PROBLEM TO BE SOLVED: To provide a manufacturing method of fireproof block excellent in durability and reliability. SOLUTION: This manufacturing method of a fireproof block comprises the steps of charging fireproof aggregate 1 having the particle diameter of 3mm or more in a form 2; forming a formed body by charging slurry 5, which is made of hardener-containing fireproof raw material having the particle diameter of 0.3mm or less and deaerated, among the fireproof aggregate particles 1 charged in the form 2; and drying and solidifying the resultant formed body.

Description

Detailed Description of the Invention

[0001]

BACKGROUND OF THE INVENTION 1. Field of the Invention The present invention relates to a method for manufacturing a refractory block that is structurally dense and has high bending strength.

[0002]

2. Description of the Related Art As is well known, for example, a slide gate of molten metal in a steelmaking process or a casting process, or a porous plug guide sleeve for preparing a molten metal composition by blowing an inert gas, etc.
A dense refractory block that does not contain coarse porosity is used. And, this kind of refractory block and refractory material layer are generally marketed as so-called irregular shaped refractory and molded (standardized) at the time of use, but for easy handling and quick response. It is also commercially available in the fireproof block state, which is molded with consideration.

By the way, a conventional refractory amorphous block is a slurry-like substance prepared by kneading an amorphous refractory having a particle size of 5 mm or less and having a continuous particle size distribution (grain size mixture) with water. The block is poured (filled) into a mold of a specified shape, cured for 24 hours at room temperature, demolded, and then dried at 110 ° C for 24 hours, for example. ), And is put to practical use in the form of a molded body. In addition, in pouring (filling) into the above mold, while imparting sufficient fluidity to the slurry-like material, defoaming is performed. Therefore, generally, the frame mold is placed on a vibrating table, or A rod-shaped vibrator is inserted into the frame mold to vibrate the filled slurry material.

[0004]

With respect to the refractory block, it is desired to improve corrosion resistance and mechanical strength.
In response to these demands, a large reduction in coarse pores on the surface and inside (or no coarse pores) has been achieved. That is, attempts have been made to improve fluidity and facilitate defoaming by vigorous shaking and increasing the amount of kneading water. However, applying the strong vibration,
By increasing the amount of kneading water and the fluidity and defoaming property of the slurry-like material, on the other hand, separation or breathing easily occurs in the amorphous refractory due to the size of the particle size, etc. However, there is a problem that the amorphous refractory and water are easily separated or breathed even in the slurry-like material, and as a result, a refractory block or a refractory layer having a uniform composition cannot be obtained. In other words, the manufactured or formed refractory block or refractory material layer is likely to have a deviation in quality, which is not a practically satisfactory means.

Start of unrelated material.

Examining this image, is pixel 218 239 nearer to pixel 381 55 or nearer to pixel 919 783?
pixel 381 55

The present invention has been made in view of the above circumstances, and an object thereof is to provide a method for easily manufacturing a refractory block having excellent durability and reliability.

[0006]

According to the present invention, a step of filling a refractory aggregate having a particle diameter of 3 mm or more in a mold, and a curing agent between the refractory aggregate particles filled in the mold. Including particle size 0.3mm
A refractory block consisting of the following refractory raw material, and having a step of filling a defoamed slurry to form a molded body, and a step of drying and solidifying the molded body It is a manufacturing method.

That is, according to the present invention, the refractory material constituting the refractory block is a mixed system (or a hybrid system) of discontinuous grain size blends having a grain size of 3 mm or more and a grain size of 0.3 mm or less. In addition, the main point is to perform defoaming treatment on the slurry-like material during casting.

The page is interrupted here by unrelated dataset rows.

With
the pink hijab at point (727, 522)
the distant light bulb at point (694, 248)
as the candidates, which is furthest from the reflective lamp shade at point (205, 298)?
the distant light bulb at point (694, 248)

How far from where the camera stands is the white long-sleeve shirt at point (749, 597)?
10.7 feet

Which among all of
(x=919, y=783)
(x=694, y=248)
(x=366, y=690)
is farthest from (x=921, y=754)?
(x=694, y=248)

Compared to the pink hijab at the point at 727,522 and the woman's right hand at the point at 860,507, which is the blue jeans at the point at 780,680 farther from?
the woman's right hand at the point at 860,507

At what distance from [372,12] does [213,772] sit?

In the present invention, examples of the refractory aggregate include natural materials such as bauxite, kaolin, magnesite, chromite, sintered alumina, fused alumina, synthetic mullite, spinel, sintered magnesia, fused magnesia, Artificial raw materials such as electro-fused magkuro are mentioned. However, it is necessary to select those refractory aggregates having a particle size of 3 mm or more, more preferably 5 mm or more. That is,
If the particle size is less than 3 mm, the gap between the aggregates is too narrow, making it difficult to densely fill the slurry-like material,
As a result, a dense refractory block may not be obtained. When the particle size is selected to be 5 mm or more, dense filling by pouring the slurry-like material is more easily performed. The fire-resistant aggregate may be added with, for example, metal fibers to reinforce the peel resistance or the bondability.

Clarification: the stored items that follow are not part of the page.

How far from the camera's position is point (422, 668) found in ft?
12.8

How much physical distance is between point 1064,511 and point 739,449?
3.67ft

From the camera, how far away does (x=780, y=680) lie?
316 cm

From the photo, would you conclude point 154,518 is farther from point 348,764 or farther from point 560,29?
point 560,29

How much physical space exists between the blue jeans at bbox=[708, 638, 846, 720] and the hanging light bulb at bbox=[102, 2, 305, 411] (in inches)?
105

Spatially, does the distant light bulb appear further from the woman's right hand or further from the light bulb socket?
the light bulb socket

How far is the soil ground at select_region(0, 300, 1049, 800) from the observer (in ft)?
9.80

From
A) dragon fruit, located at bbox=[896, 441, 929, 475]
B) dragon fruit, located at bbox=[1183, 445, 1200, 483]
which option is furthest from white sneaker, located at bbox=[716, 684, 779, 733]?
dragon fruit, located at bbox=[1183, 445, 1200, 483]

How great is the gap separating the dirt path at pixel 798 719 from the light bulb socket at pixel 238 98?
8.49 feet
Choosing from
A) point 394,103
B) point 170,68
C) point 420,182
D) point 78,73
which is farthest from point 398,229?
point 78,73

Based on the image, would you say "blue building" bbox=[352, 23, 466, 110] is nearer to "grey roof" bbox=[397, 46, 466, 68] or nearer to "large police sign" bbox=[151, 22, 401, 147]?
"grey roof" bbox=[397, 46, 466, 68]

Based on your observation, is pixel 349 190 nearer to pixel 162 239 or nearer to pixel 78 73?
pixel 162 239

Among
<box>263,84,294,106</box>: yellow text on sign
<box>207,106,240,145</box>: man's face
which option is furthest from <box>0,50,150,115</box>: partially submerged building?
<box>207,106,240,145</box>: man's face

In the present invention, examples of the refractory raw material in the form of a slurry include natural raw materials such as bauxite, kaolin, magnesite, chromite, sintered alumina, fused alumina, synthetic mullite, spinel, sintered magnesia, Examples include artificial raw materials such as electrofused magnesia and electrofused magcro, zircon flour, silicon carbide, earth-like graphite, and carbon black. However, these refractory raw materials have a particle size of 0.3 mm or less, more preferably 0.074 mm (2
(00 mesh) The following must be selected. That is, if it exceeds 0.3 mm, it is easy to form a bridge when poured as a slurry, it is practically impossible to sufficiently fill the gap between the aggregates, and as a result, a dense refractory block etc. I can't get it. The particle size is 0.074 mm (2
(00 mesh) If selected below, it exhibits even better fluidity. When a basic material such as spinel, magnesia, or magnesite is used as the refractory material, it is preferable to use a hydration inhibitor having a chelating effect together.

In the present invention, examples of the curing agent contained in the refractory raw material include alumina cement, sodium silicate, and the like. Further, in order to improve the fluidity of the slurry-like material, ultrafine silica powder or The ultrafine alumina powder may be further added and mixed with sodium phosphate, polycarboxylic acid or the like as a dispersant.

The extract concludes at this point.